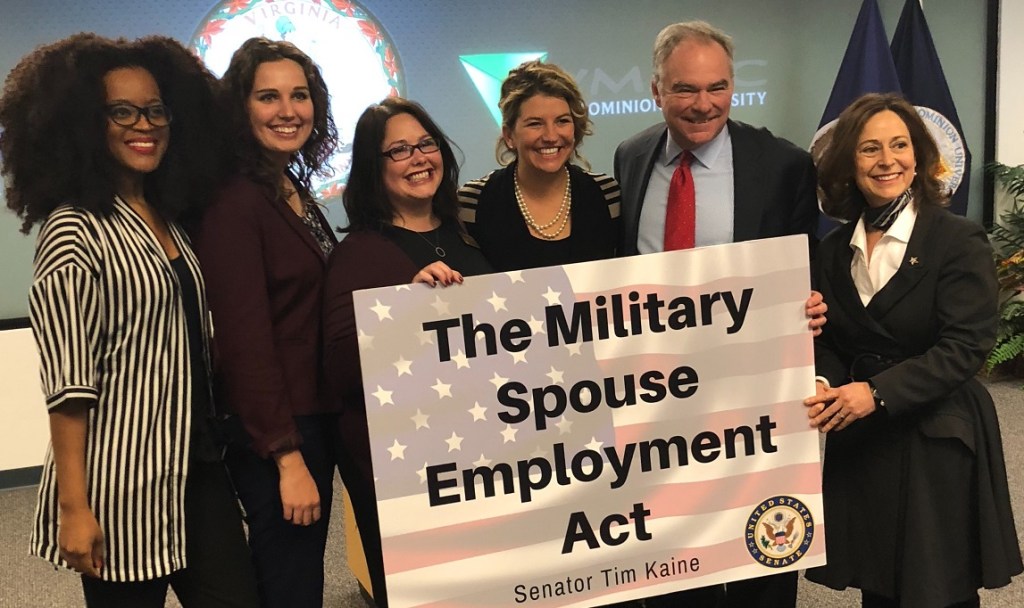 Senate bill would help military spouses land federal jobs, target other employment hurdles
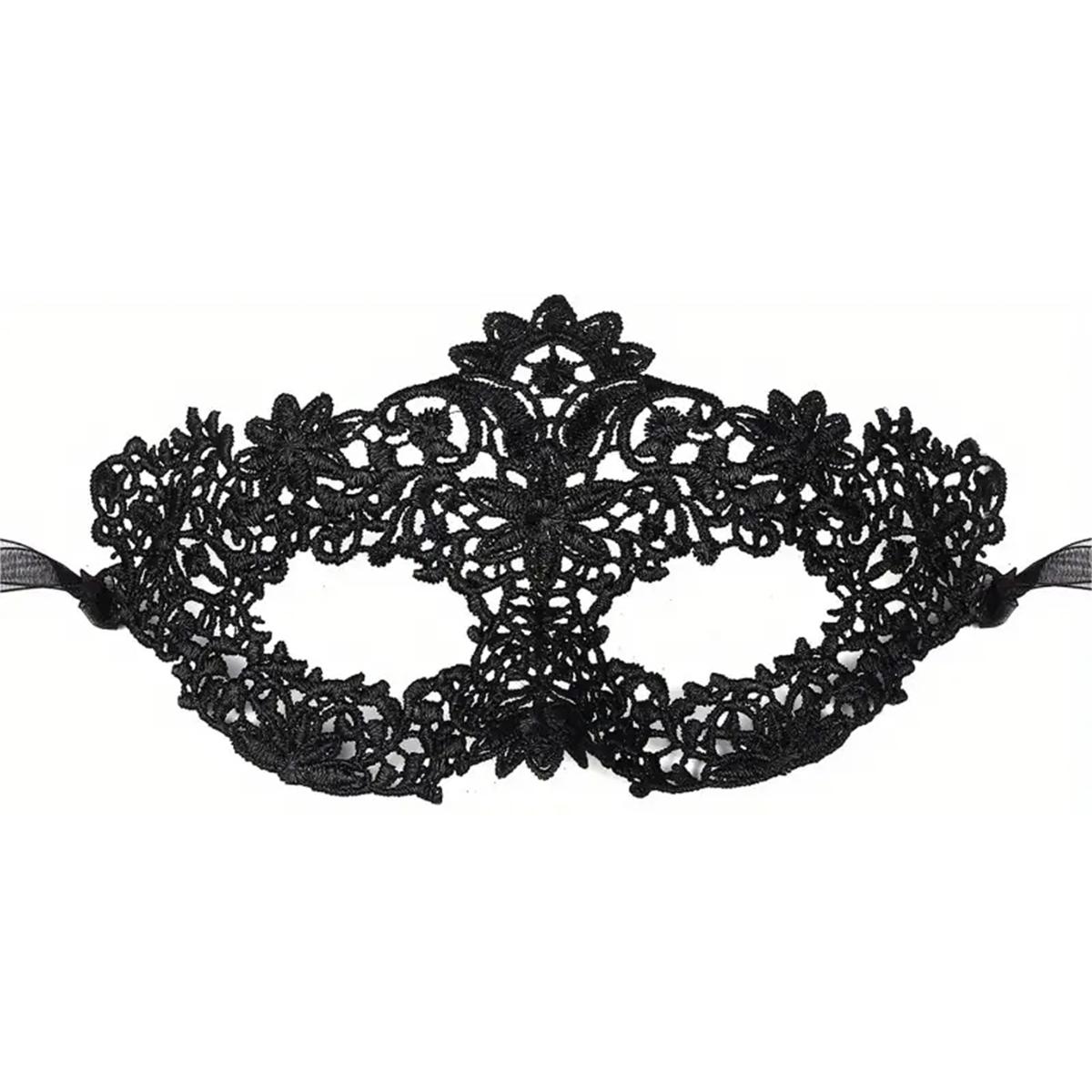 2 шт. Элегантный набор масок для маскарада из черного кружева для пар - Идеально подходит для венецианской вечеринки, Марди Гра и празднования Хэллоуина black YTO phone case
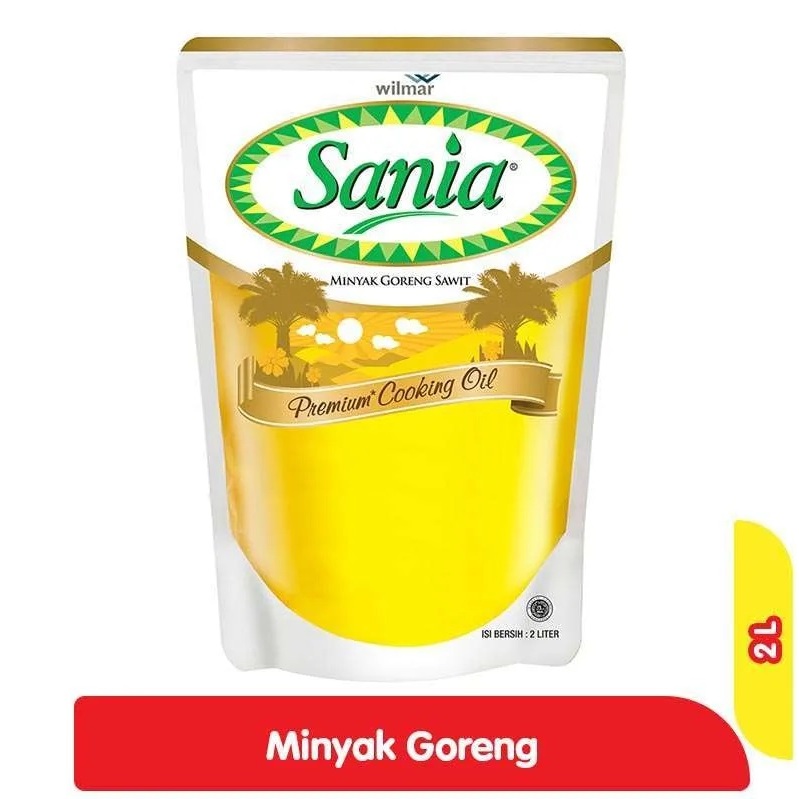 

Minyak Goreng Sania refill 2 ltr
————————
Work task: Write out the data word for word, with every picture dropped.

Response to this exercise:
 Senate bill would help military spouses land federal jobs, target other employment hurdles
 2 шт. Элегантный набор масок для маскарада из черного кружева для пар - Идеально подходит для венецианской вечеринки, Марди Гра и празднования Хэллоуина black YTO phone case

Minyak Goreng Sania refill 2 ltr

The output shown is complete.